ECLI:NL:OGEAA:2021:164
Gerecht in Eerste Aanleg van Aruba
- Eerste aanleg - enkelvoudig
- M.E.B. de Haseth
- Rechtspraak.nl
Beroep tegen verlening bouwvergunning door de Minister van Ruimtelijke Ontwikkeling, Infrastructuur en Milieu
In deze zaak heeft de Minister van Ruimtelijke Ontwikkeling, Infrastructuur en Milieu op 21 mei 2019 een bouwvergunning verleend voor de bouw van een appartement op een specifiek perceel. De appellant, die in persoon procedeerde, heeft bezwaar gemaakt tegen deze vergunning en op 20 augustus 2020 beroep ingesteld bij het Gerecht in Eerste Aanleg van Aruba, nadat zijn bezwaar op 16 juli 2020 ongegrond was verklaard. De zitting vond plaats op 16 november 2020, waar zowel de appellant als de gemachtigde van de verweerder aanwezig waren, evenals een derde-belanghebbende.

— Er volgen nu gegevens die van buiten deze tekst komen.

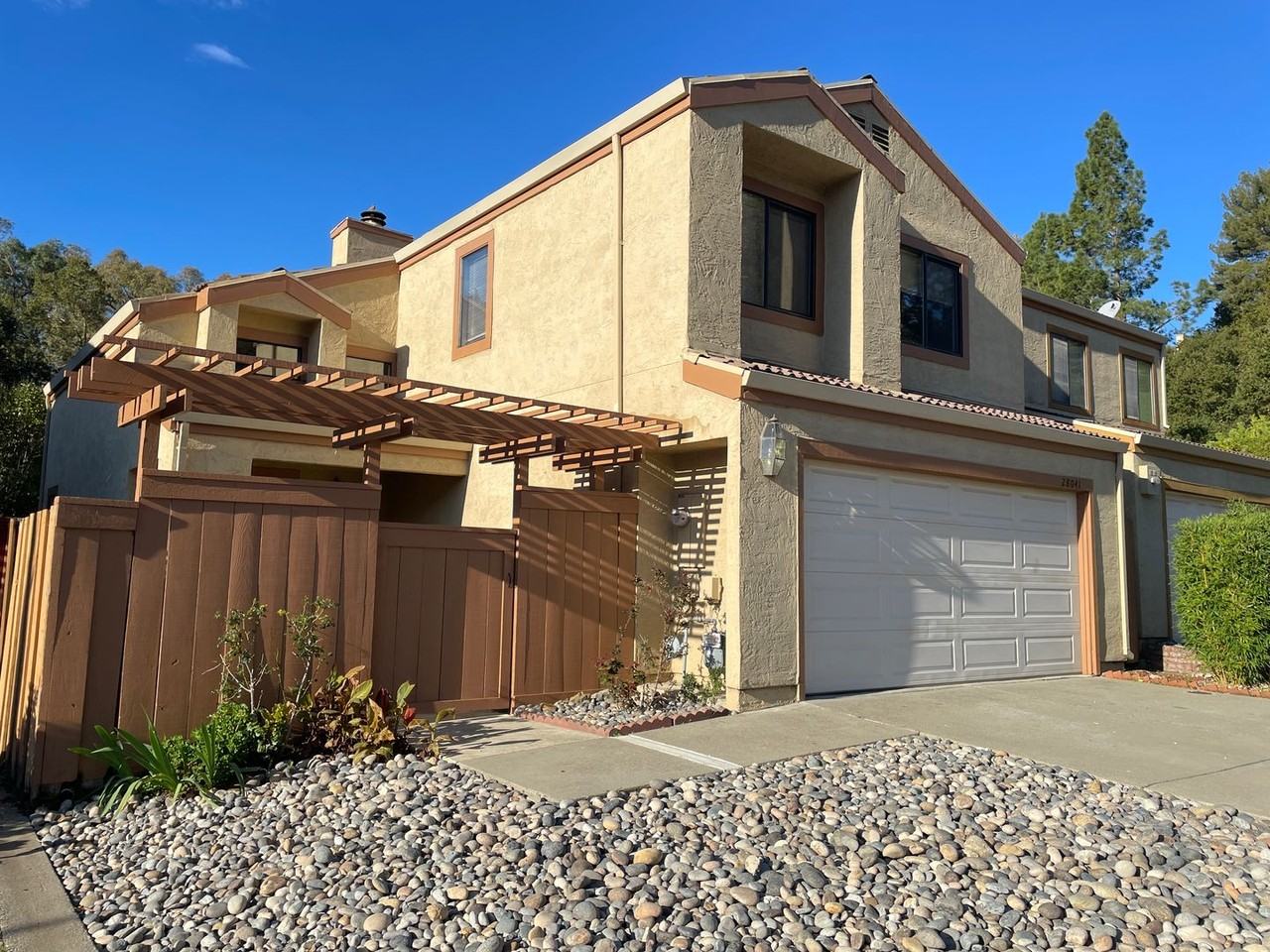 28041 Thorup Ln - Photo 2 of 16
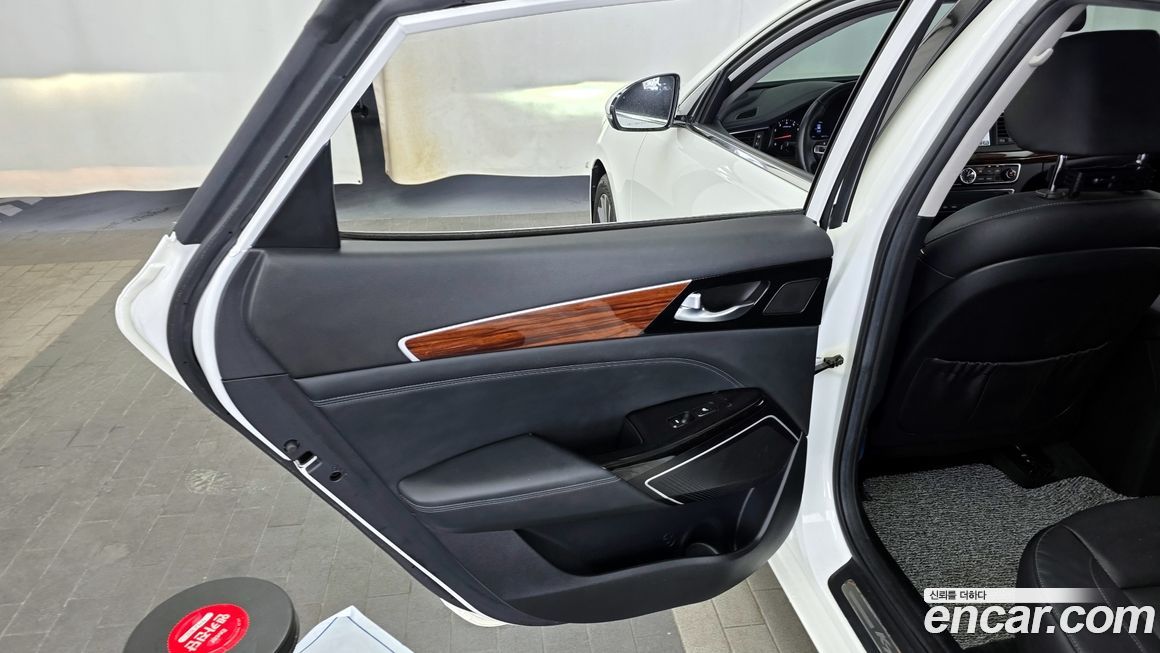 Kia K7 2017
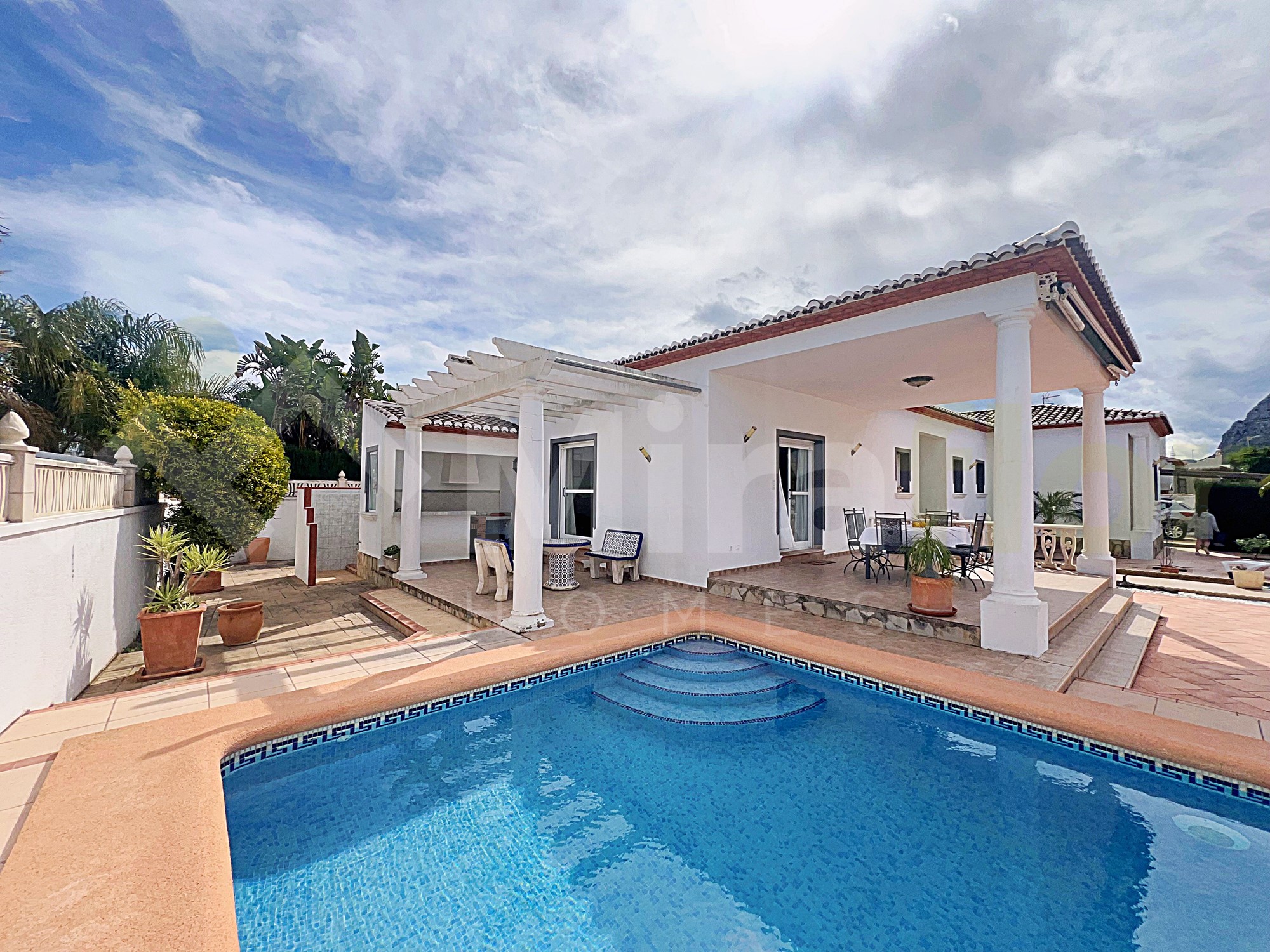 Miraflor Homes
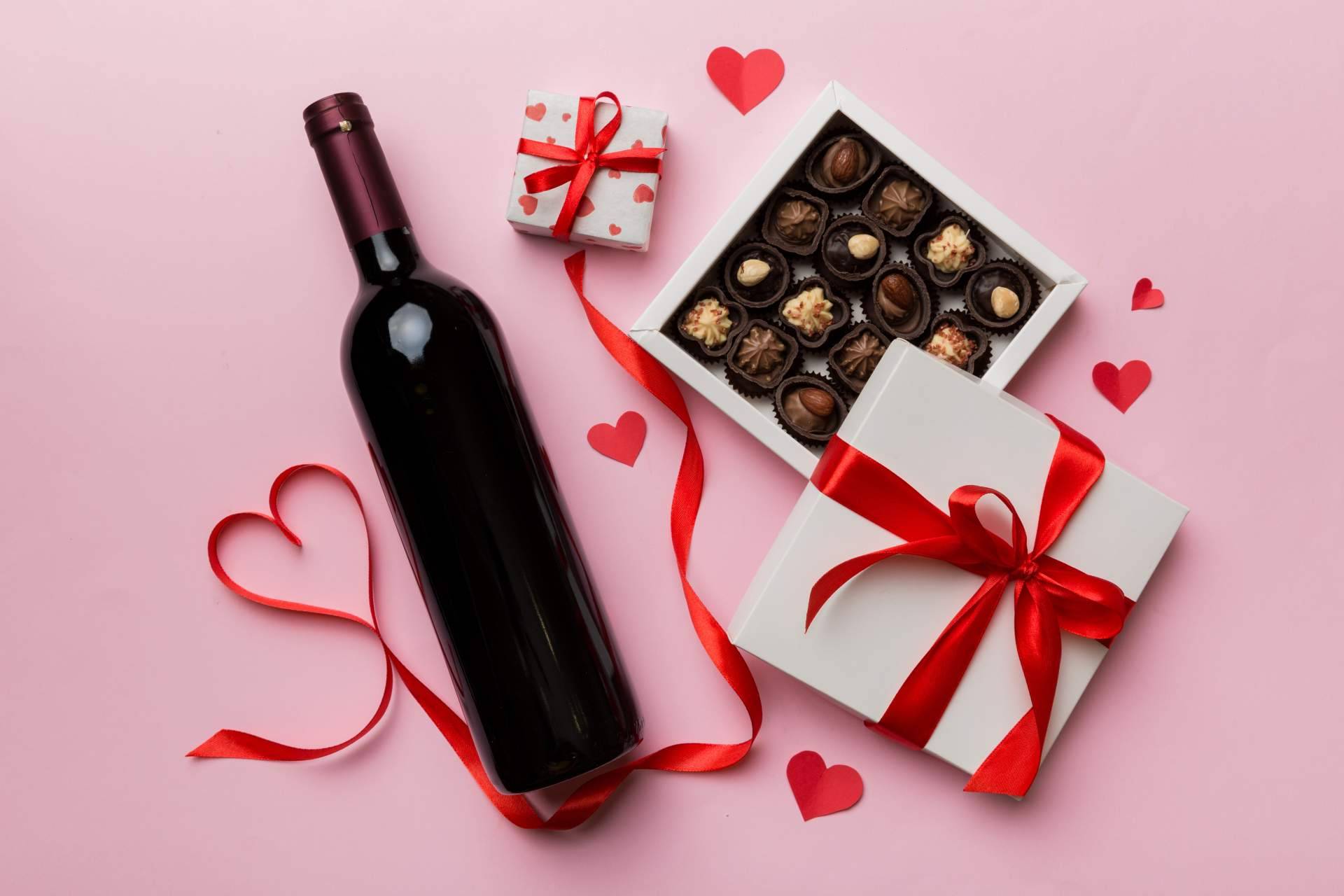 Encontrar decoración para San Valentín en Hogar y Más
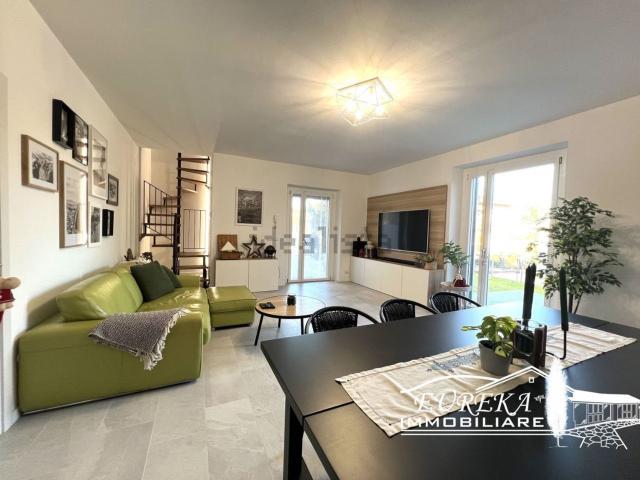 Villetta indipendente in vendita di 256 m² in Via Piemonte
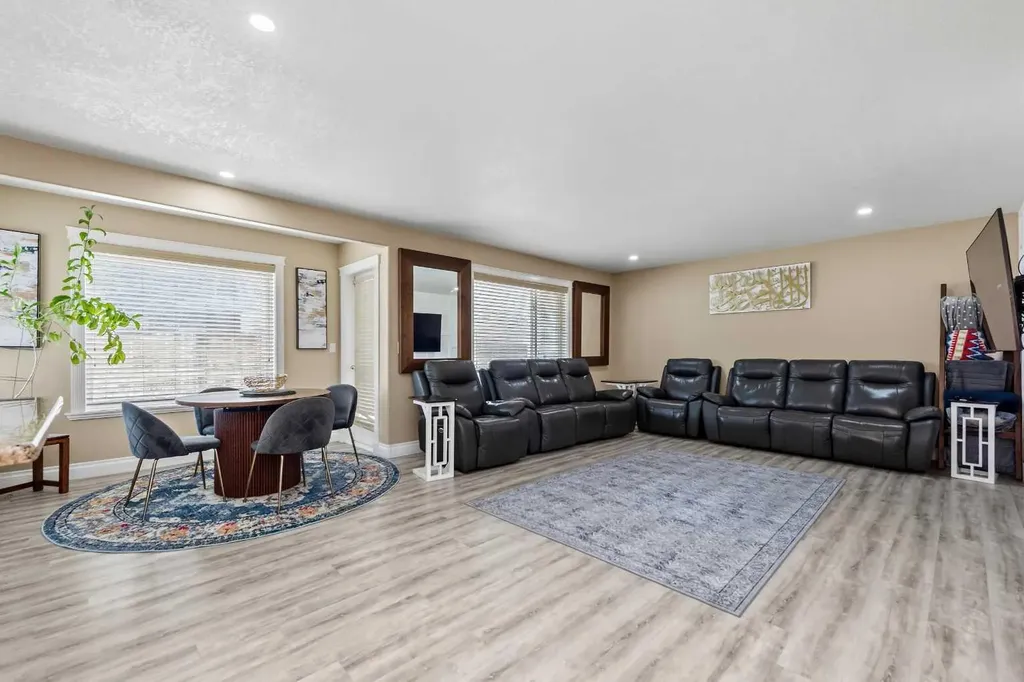 66 Royal Highland Road NW Calgary AB T3G 4Y4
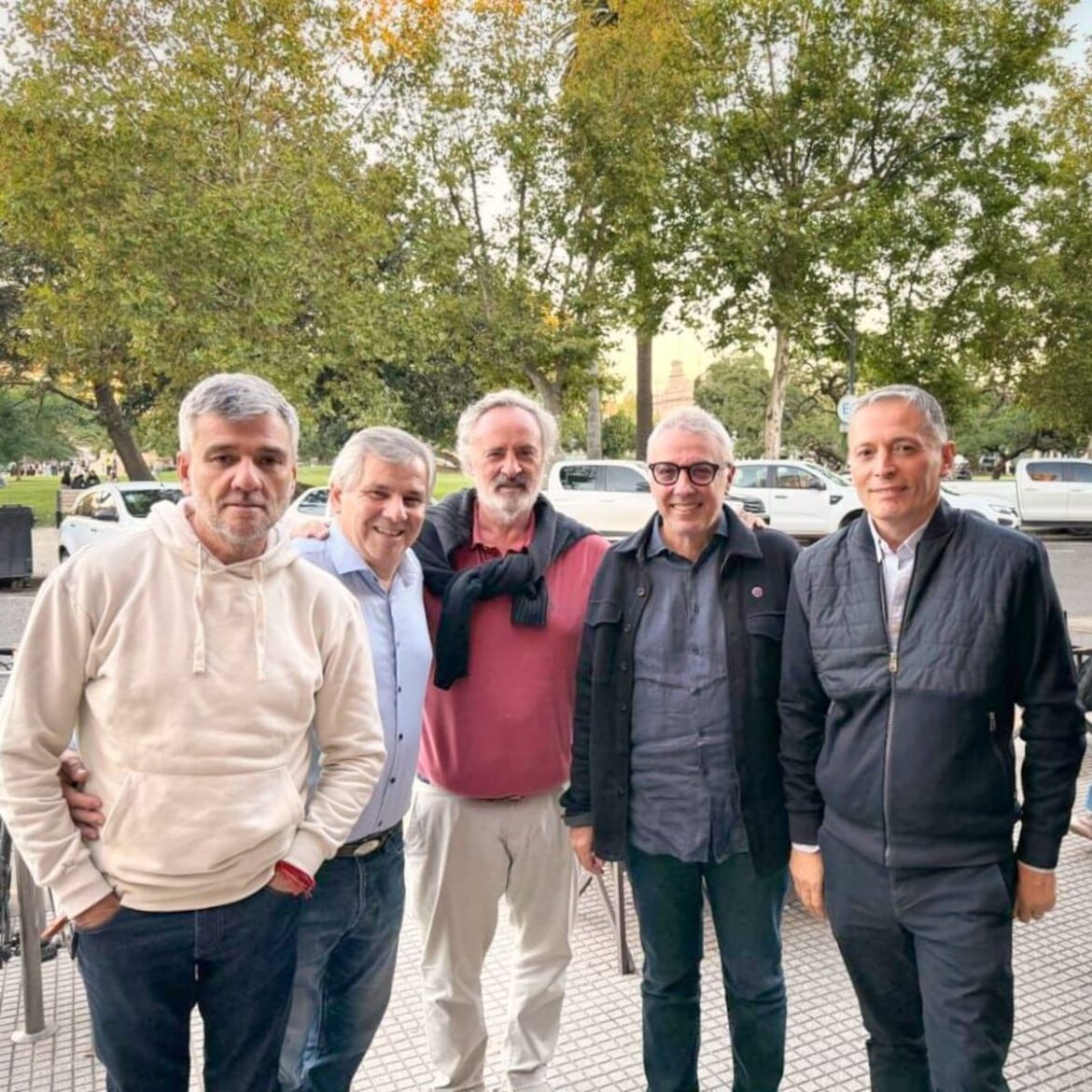 Los intendentes bonaerenses se rebelan contra los armados nacionales y ganan protagonismo
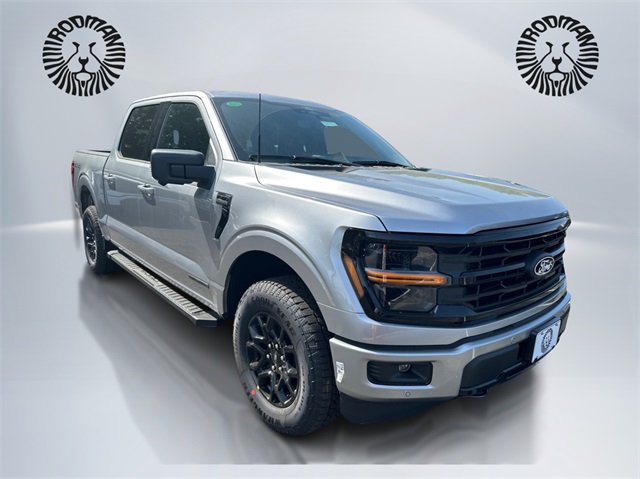 2025 Ford F-150 XLT photo 2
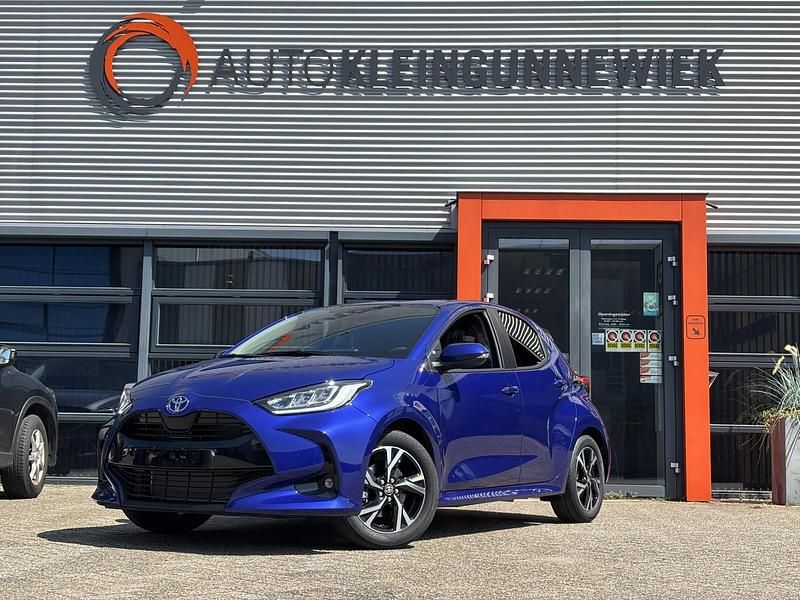 Blauw Nieuw 2025 Toyota Yaris Hybrid Hatchback | € 27.450 (Goede deal) - Afbeelding 1/4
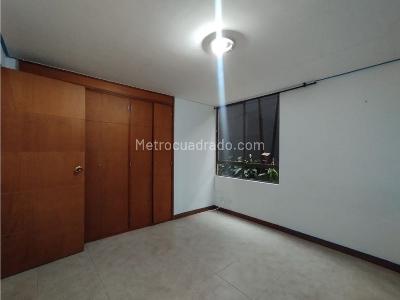 Apartamento en venta en Castropol Poblado, Medellín · foto 4 de 14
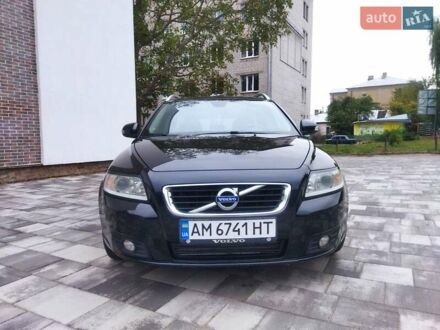 Вольво V50 2012 у Бердичеве на Automoto.ua Чорний Вольво V50, об'ємом двигуна 2 л та пробігом 241 тис. км за 9950 $, фото 1 на Automoto.ua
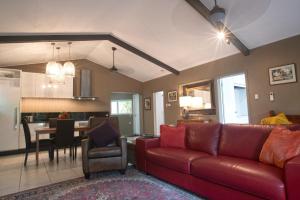 米申海滩Sealords的一间带红色沙发的客厅和一间厨房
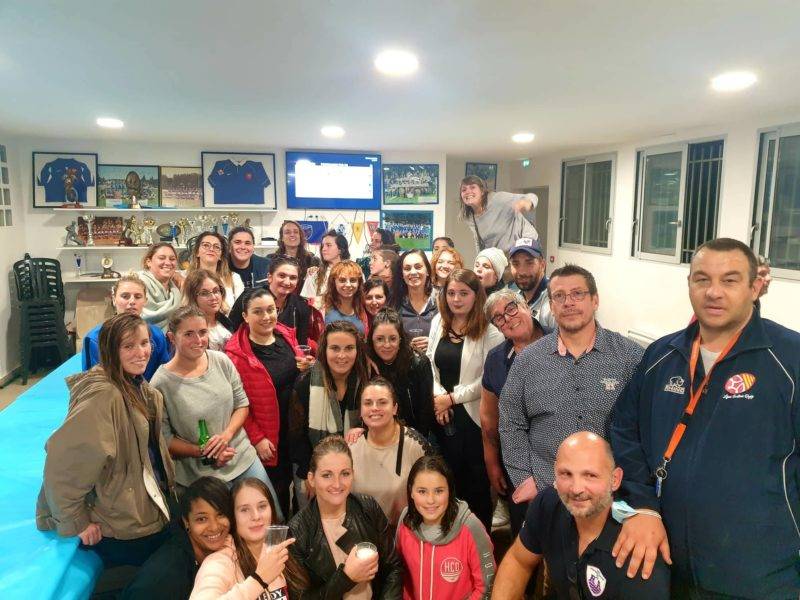 l equipe féminine de l'abb à reçu ce soir pour un match amical l'équipe feminine du roa Les déferlantes du ROA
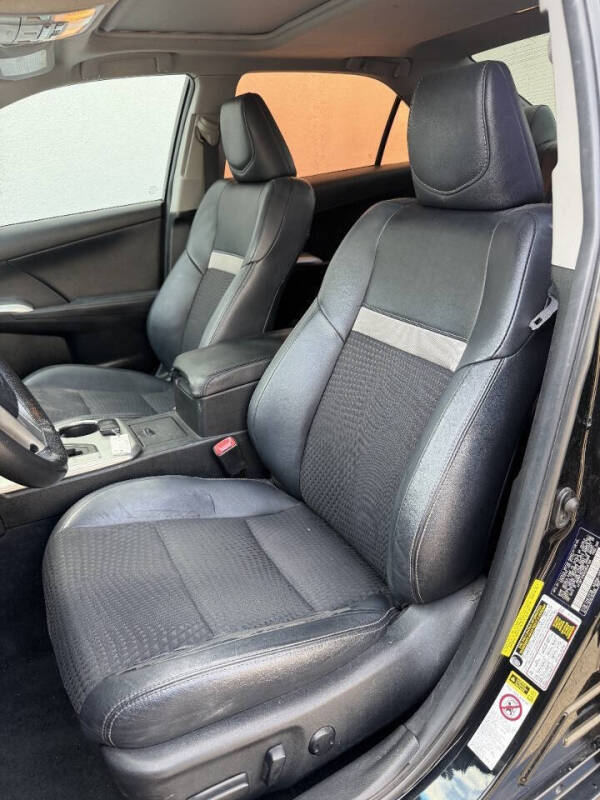 2012 Toyota Camry SE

De rechter heeft de zaak beoordeeld aan de hand van de relevante artikelen van de Bouw- en Woningverordening (Bwv). De appellant betoogde dat de bouwvergunning in strijd was met artikel 22 van de Bwv, omdat het bouwplan in strijd zou zijn met een goedgekeurd verkavelingsplan. Dit betoog werd verworpen, omdat een koopovereenkomst geen goedgekeurd verkavelingsplan is. Daarnaast voerde de appellant aan dat de gevelrooilijn werd overschreden, maar ook dit betoog faalde, aangezien de definitie van gevelrooilijn in de Bwv niet de door de appellant gesuggereerde interpretatie ondersteunt.
De rechter concludeerde dat het beroep ongegrond was en dat er geen aanleiding was voor een proceskostenveroordeling. De uitspraak werd gedaan op 18 januari 2021, en beide partijen hebben de mogelijkheid om binnen zes weken hoger beroep in te stellen bij het Gemeenschappelijk Hof van Justitie.